Дальше, поверьте, еще лучше, но, дочитав до конца, убеждаешься, что вся эта демонстрация неординарных способностей служит не более чем дружеской шутке в духе “куртуазного маньеризма”. “Странные” стихи ускользают от фатального вопроса: зачем? — при чтении “внятных” он неизбежен, и худо, когда не получает ответа.
Группа “куртуазных маньеристов” оказалась для ее участника Быкова небесполезной. Вообще, та игра была совсем не так глупа. Вызывающая шутейность адресовалась не публике (которая “куртуазными” стихами мило развлекалась, нисколько не будучи фраппирована), а “серьезному” поставангарду: мы-де умеем болтать в рифму легко и весело, по-книжному красиво, меж тем как вы, этого, должно быть, не умея, громоздите вавилоны метаметафор, перебираете занудные картотеки или двигаете туда-сюда оловянных “милицанеров”. Словом — ироническая реакция здравого смысла (ирония ютилась и в самой гладкописи). Круг “прожектеров безопасных, рожденных для ролей костюмных”, помог отмежеваться от другого круга, чужеродного (“...затем что гниль чужда моей природе и я скучаю там, где гибель в моде”), но загоняющего к себе ветрами времени: “Этот бронзовый век, подкрашенный серебрянкой, / Женоклуб, живущий сплетней и перебранкой, / Декаданс, деграданс, Дез-Эссент, перекорм, зевок, / Череда подмен, ликующий ничевок...” Но одновременно то была школка компанейской “эстрадности” и каэспэшности, прикладных, облегченных задач. Такие умещающиеся в этих рамках отличные вещи Быкова, как “Курсистка” и “Версия”, будут производить эффект в публичном чтении и тогда, когда о “маньеризме” прочно забудут. Но они еще не делают поэта.
“Без раздумья, без отсрочки я бегу к строке от строчки”.
И вот — “Отсрочка”.
Гладкость — осталась, и слава Богу, но возникло сопротивление материала. Юмор, сопутствуя самопознанию, принял углубленный оборот. Высказывание — состоялось.

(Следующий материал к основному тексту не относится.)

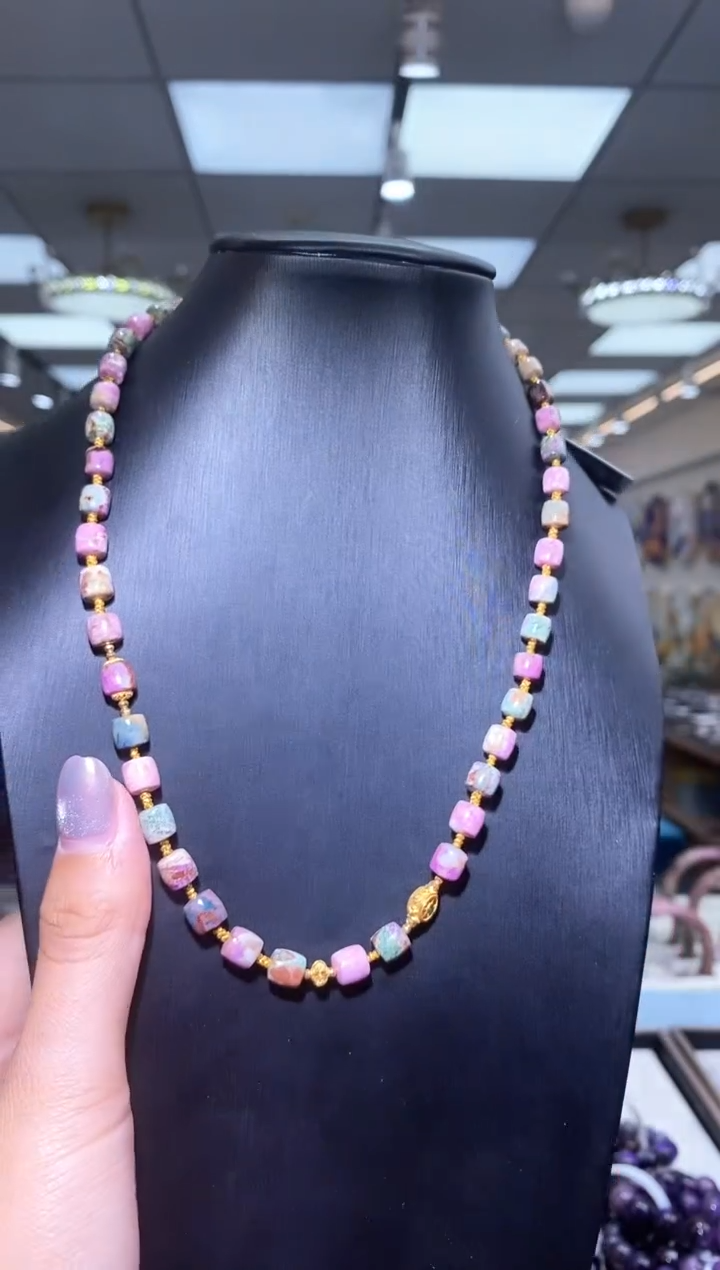 18K金镶嵌苏纪石（舒俱来）项链多样性发一件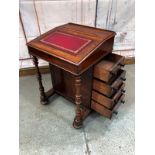 Victorian antique walnut Davenport desk. The antique walnut Davenport desk has a small fitted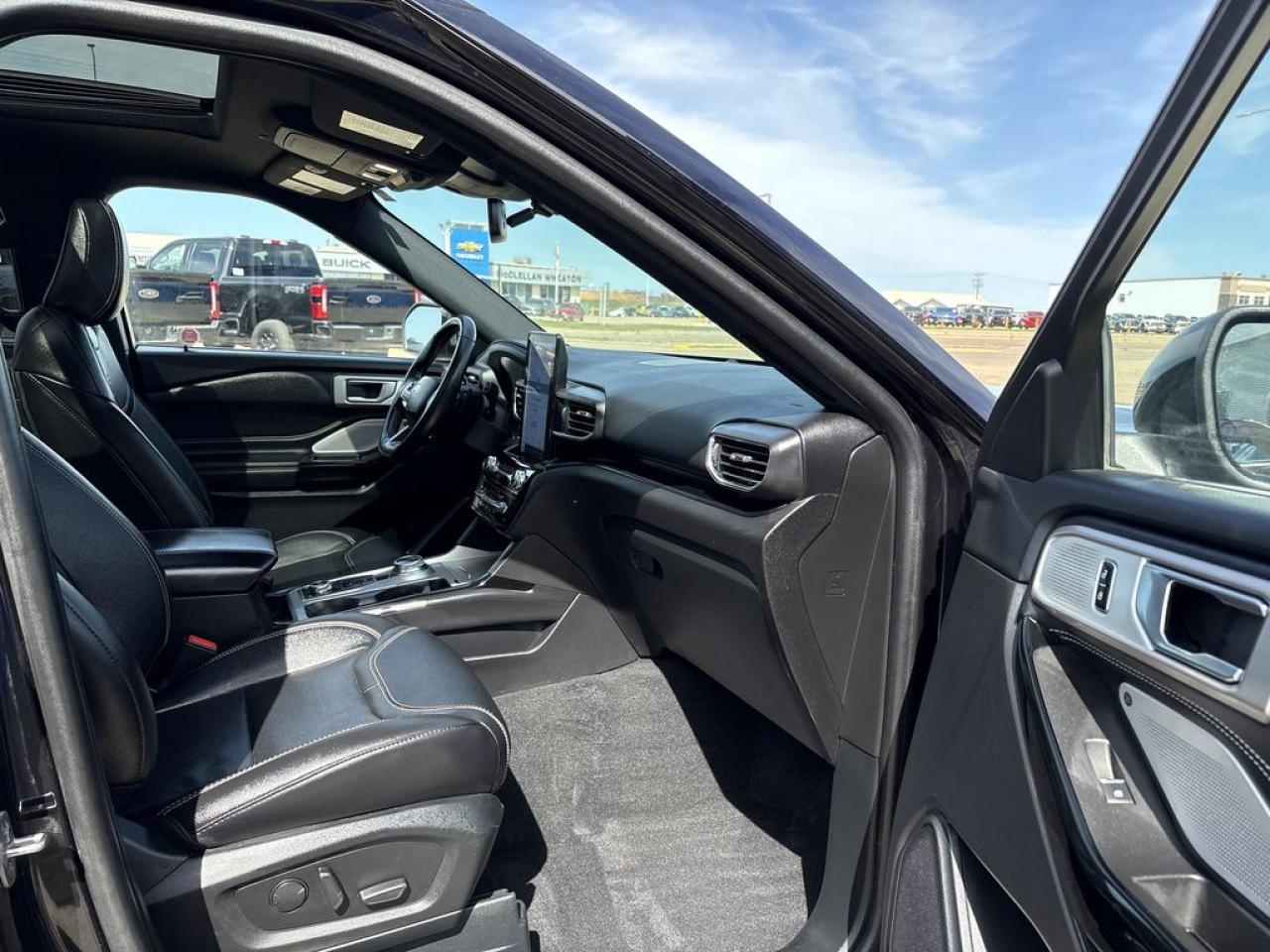 2023 Ford Explorer ST Photo5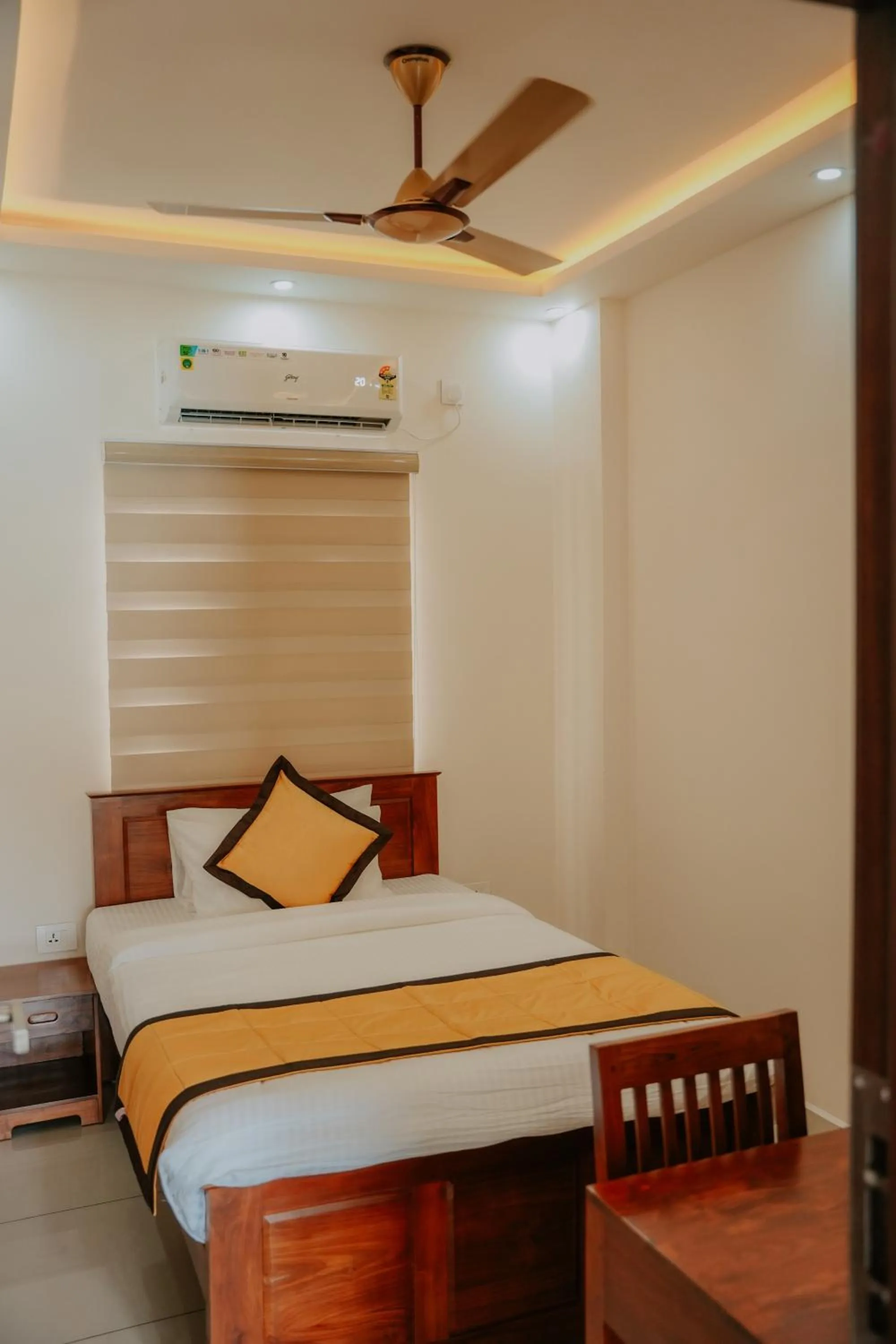 Photo of the whole room in Makkiyil Residency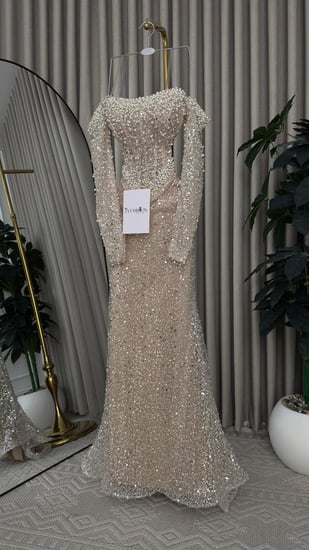 فستان سهرة بيج مرصع لولو كامل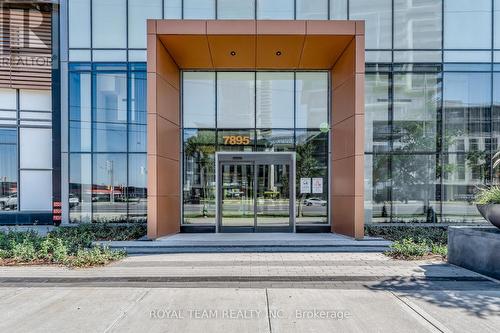 3201 - 7895 Jane Street, Vaughan, ON - Outdoor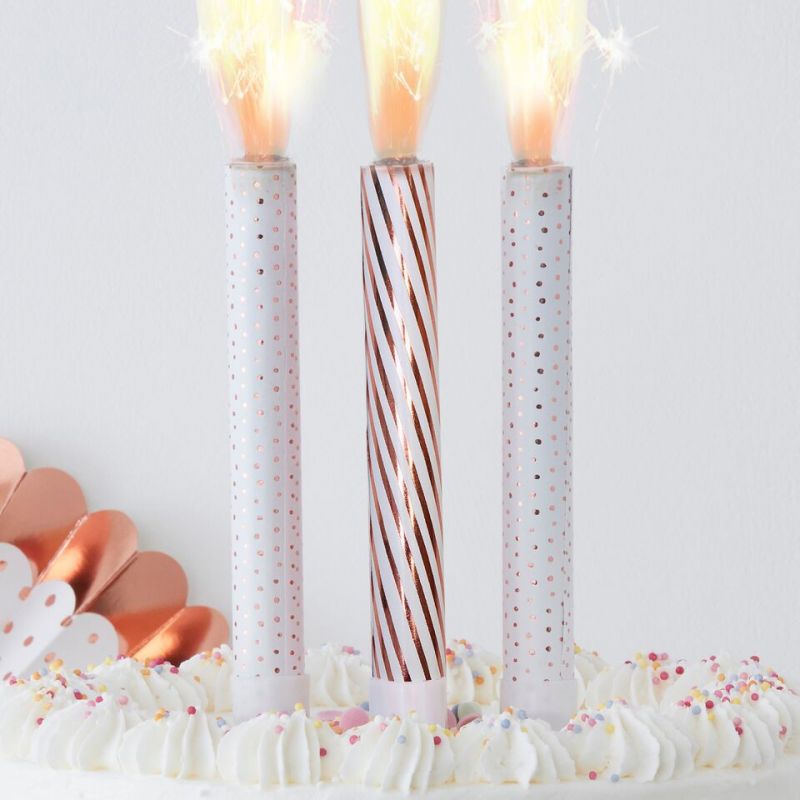 Petit Gâteau Rose D'anniversaire Avec La Bougie D'étincelle Image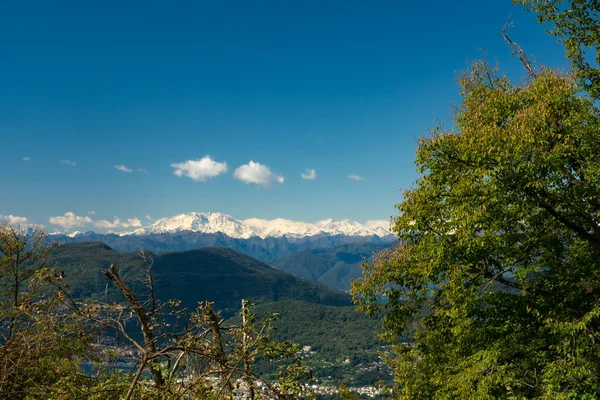 Lugano, Zwitserland - 6 oktober 2021: Uitzicht vanaf Monte San Salvatore op de indrukwekkende Monte Rosa. — Stockfoto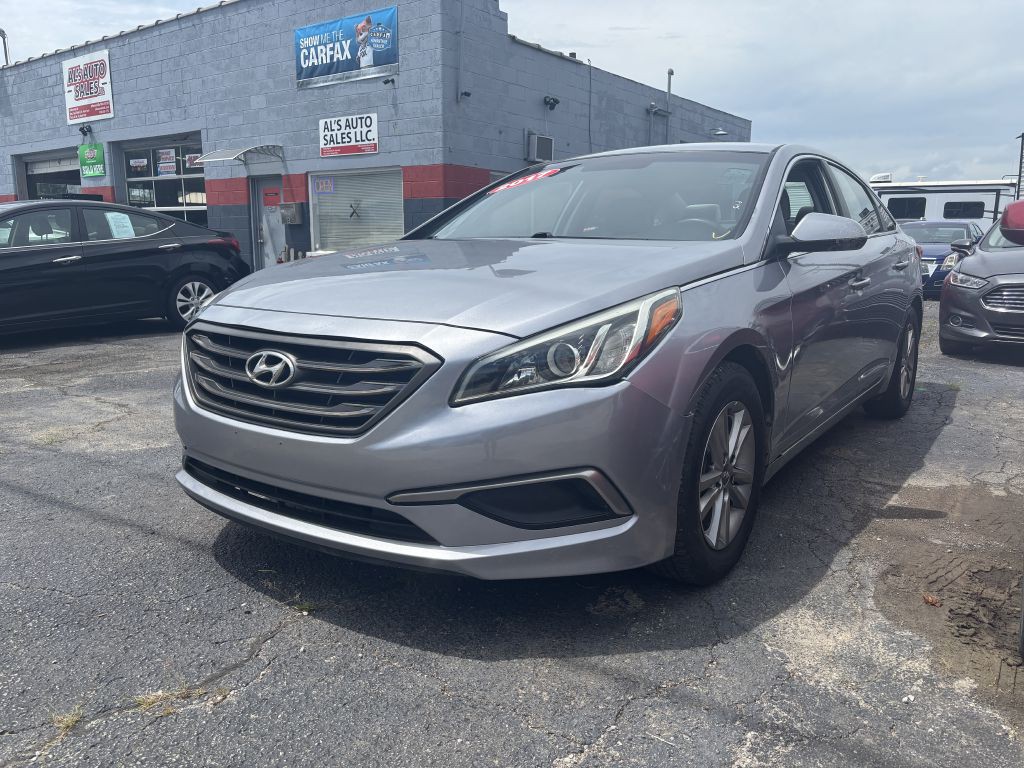 2017 Hyundai Sonata Image 2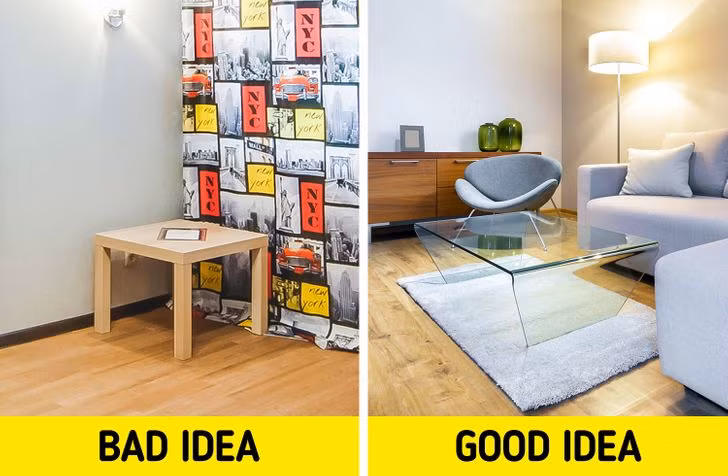 Thay vì đồ nội thất nặng, hãy chọn nội thất bằng kính và các vật liệu trong suốt khác giúp không gian trông lớn hơn. Gia chủ cũng có thể chọn các bề mặt phản chiếu sẽ làm cho nó có vẻ như rộng lớn hơn.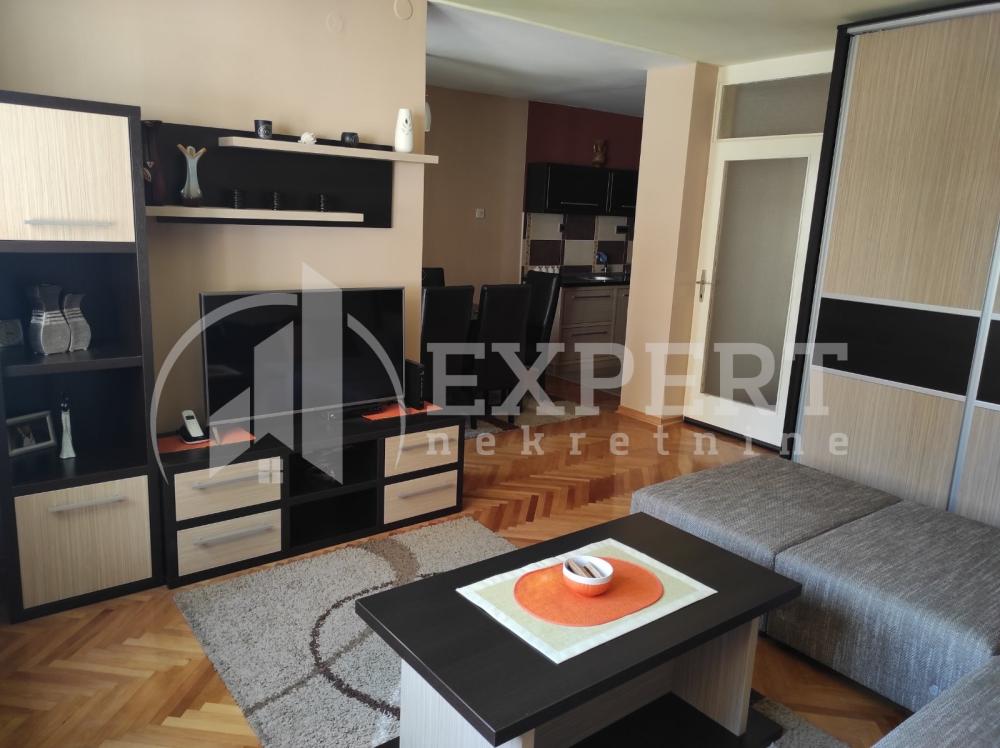 Slika 4 - Vizantijski bulevar, Dvoiposoban stan za izdavanje, 69m2, 400€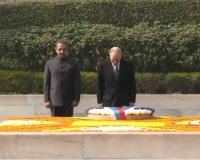 Putin Pays Tribute to Mahatma Gandhi at Rajghat During New Delhi Visit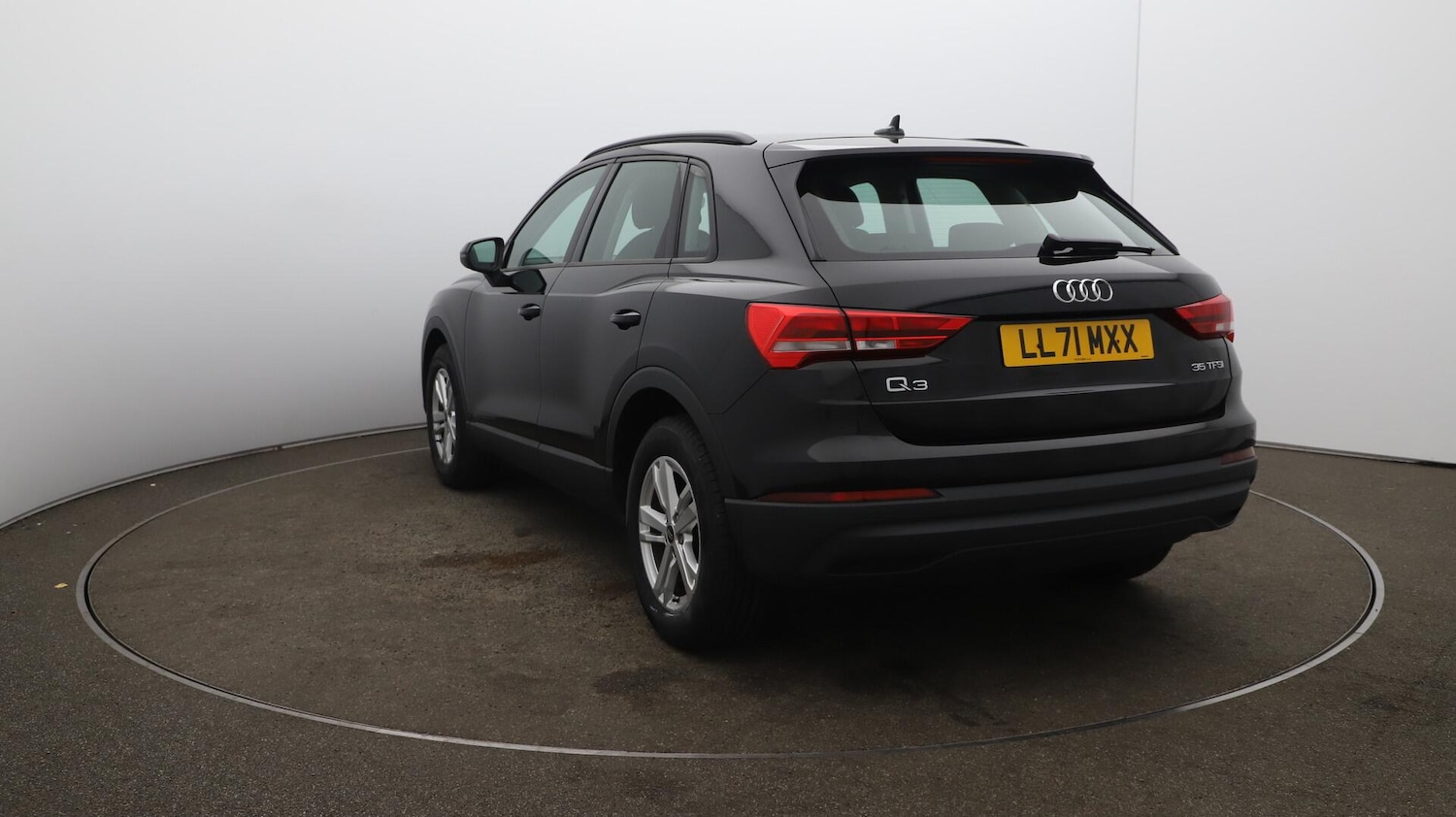Used Audi Q3 2022 for sale - 76159197: Photo 61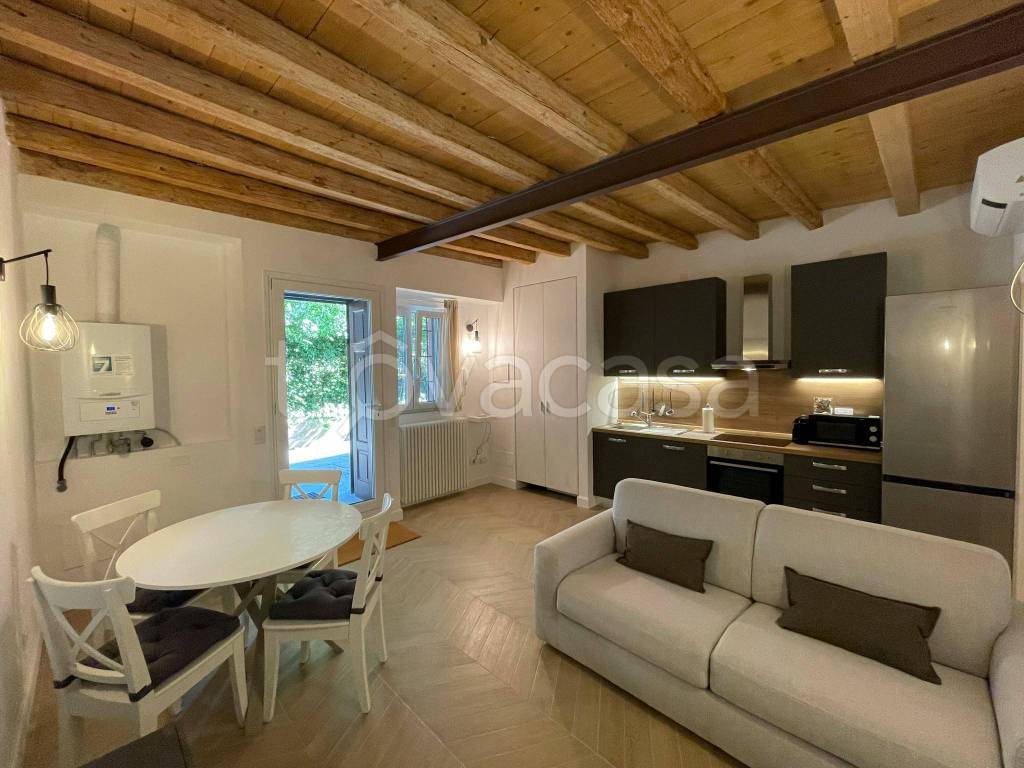 appartamento in affitto a Milano in zona Famagosta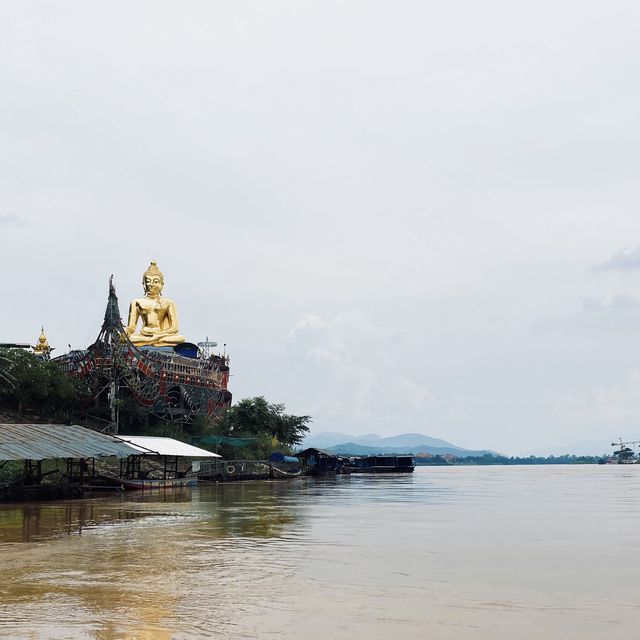 สามเหลี่ยมทองคำ ล่องเรือแม่น้ำโขง วิว 3 ประเทศ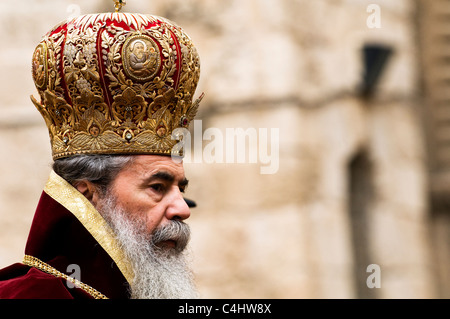 Porträt der griechisch-orthodoxen Patriarchen von Jerusalem einen traditionellen Hut während der Zeremonie "Fußwaschung". Stockfoto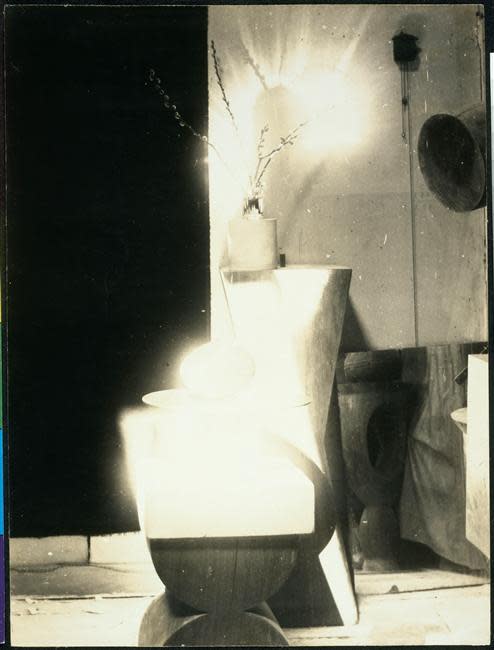 Image no. 195: Vue d`atelier : Le Nouveau-N... (Constantin Brancusi), code=S, ord=1000, date=-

Кстати: о том, что здесь названо “гладкостью”, а точней — о ритмико-интонационной знакомости. Быков недобро посмеивается над теми, “Кто говорит цитатами, боясь / Разговориться о себе самом”, над центонщиками, или как их звать (сам, впрочем, в меру не чураясь того же). Но гони цитату в дверь, она влетит в окно — в окно нашего “александрийского” фен-де-сьекля. Мелодии быковских стихов сплошь цитатны. Ранний Кушнер, ранний Чухонцев, их ямбы и анапесты (а заодно, бывает, их содержательные мотивы); то Шуберт на воде, то Моцарт в птичьем гаме; то откуда ни возьмись маршаковский Бёрнс (“Шестая баллада”), то иной, уайльдовский, “лад баллад”, то любимец Киплинг в известных русских переводах, открывших в свое время новые мелодические ходы, то киплингианский Гумилев, то... многое еще, включая Некрасова и Блока, Нонну Слепакову, Булата Окуджаву и Новеллу Матвееву. Едва ли не сквозь каждый напев пробивается его звучащий прототип. Казалось бы, трудно представить себе более “книжную” поэзию. Казалось бы, не стихи, а какой-то палимпсест. Казалось бы, я говорю убийственные вещи. Ан нет.
Все было. Только ты неповторим,
И потому — не бойся повториться.
О том, что послужило моделью, как-то не хочется думать, даже когда знакомый звук припоминается сам собой. Стихи несут в себе собственный, индивидуальный драматизм, и повышенная складность, обеспеченная предшественниками прилаженность к уху доносят его на поверку прямее, чем сбои и изломы. Почему так — не знаю. Тут не эстетический рецепт широкого применения, а личный секрет Быкова. Впрочем, разгадка секрета отчасти в том, что весь этот разномастный репертуар может ужиться и прижиться как целое лишь в сердце романтика, мыслящего слегка отлетно.